Lois Garrett has been featured on this blog before, a few years ago on the occasion of her ninety-sixth birthday. Along with her good friend — the late Zora Mae Baum Bryant, inheritor of the rights to the works of Robert E. Howard — Lois became a fixture in Cross Plains who had seen everything almost from the founding of the new town around 1911. She had scrapbooks filled with pictures and news items over the years, and endless stories to tell.
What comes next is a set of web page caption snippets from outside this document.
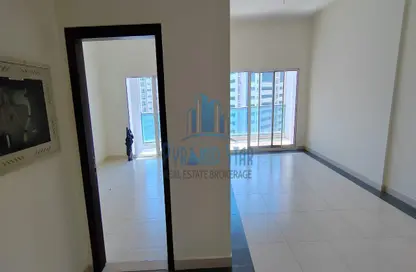 Apartment - 1 Bedroom - 1 Bathroom for rent in Zenith Towers - Dubai Sports City - Dubai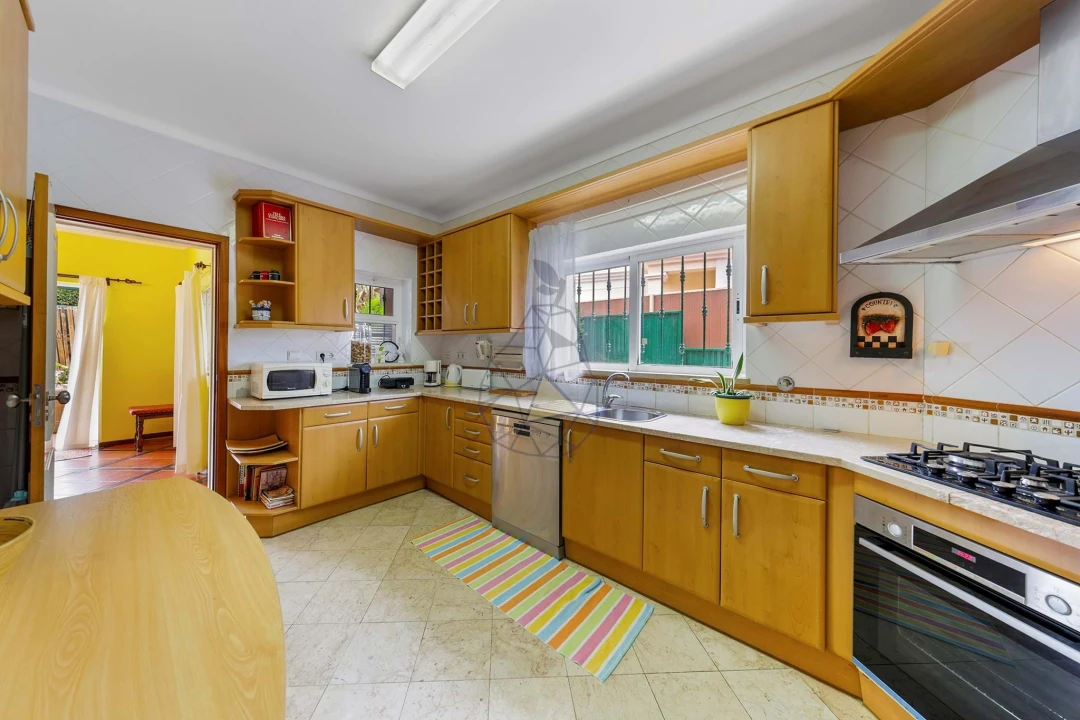 Moradia T5 para Venda em Alvor Foto 3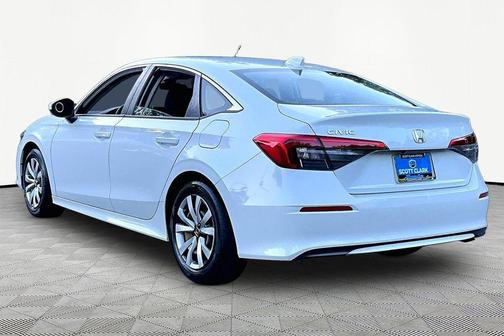 Platinum White Pearl 2022 Honda Civic LX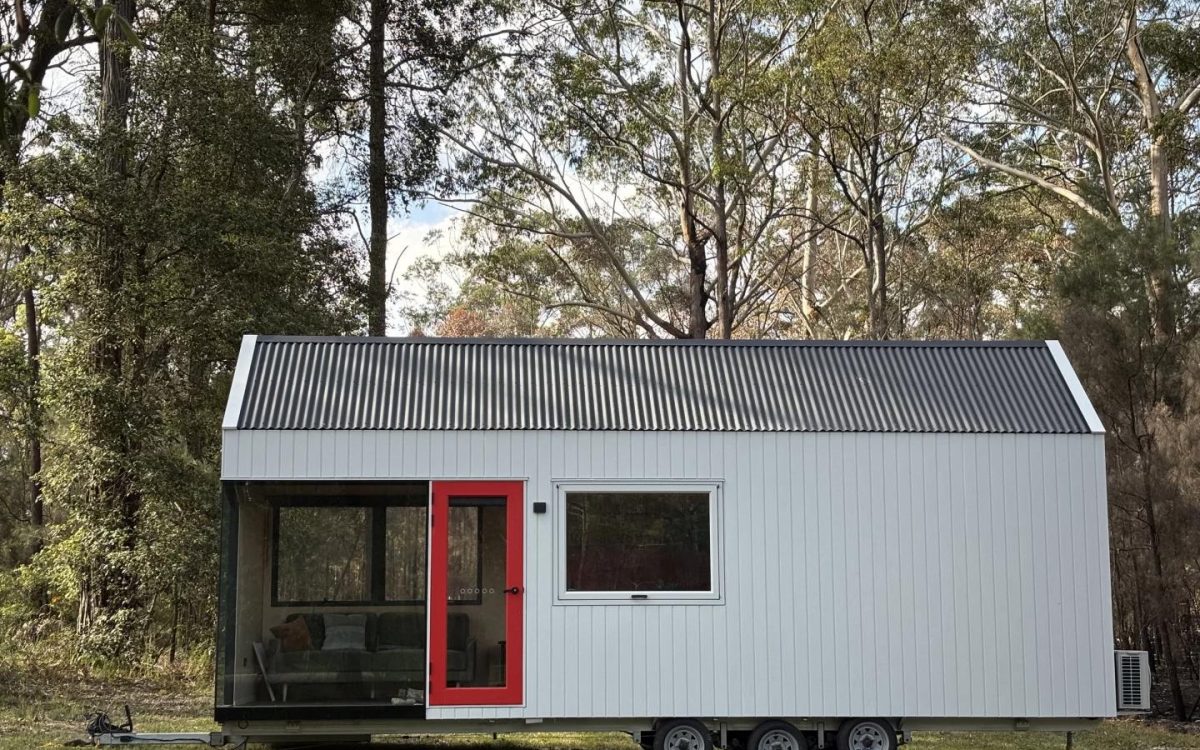 Одноэтажный крошечный дом с акцентом на освещение и обзор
The years she was most active at Howard Days were 2000-2003 — after that ill health generally kept her at home during the event, where she nevertheless entertained out-of-town guests willing to make the pilgrimage to her house. I snapped the picture above in 2003 on West Caddo Peak, and feel it accurately captures the woman: alert, elegant, charming, beautiful in her small-town simplicity of manner and graciousness, with a razor-sharp wit always employed for good humor. In my mind and the minds of those who were lucky enough to spend a few weekends with her, she remains just like this: ever bathed in the warm, angelic glow of a perfect Texas sunset, the beginnings of a smile forming on her lips.
I might also add, now that she is beyond embarrassment or scandal, that I can personally attest that both she and Zora Mae were darn good kissers:
It’s hard to describe the endless stream of wry humor that poured from these two delightful pixies whenever they would get together. One of my favorite stories was told to me by Jack Baum, Zora Mae’s son, at my first Howard Days in the summer of 2000:
Ol’ Lois felt she was gettin’ up in years, and decided she needed to prepare, so she and Mother went out fixin’ to pick Lois out a nice casket. When they found one that looked pretty good, Lois remarked how small it was, and wondered if when the time came she would fit. Mom piped up with, “Well, get on up in there and we’ll just see if it fits!”
That was Lois and Zora Mae in a nutshell, and it’s hard to feel very sad about Lois’ death when you think about the long life she lived, and the prospect that somewhere out there, in a heavenly Texas beyond our ken, two good friends have been reunited, this time for keeps.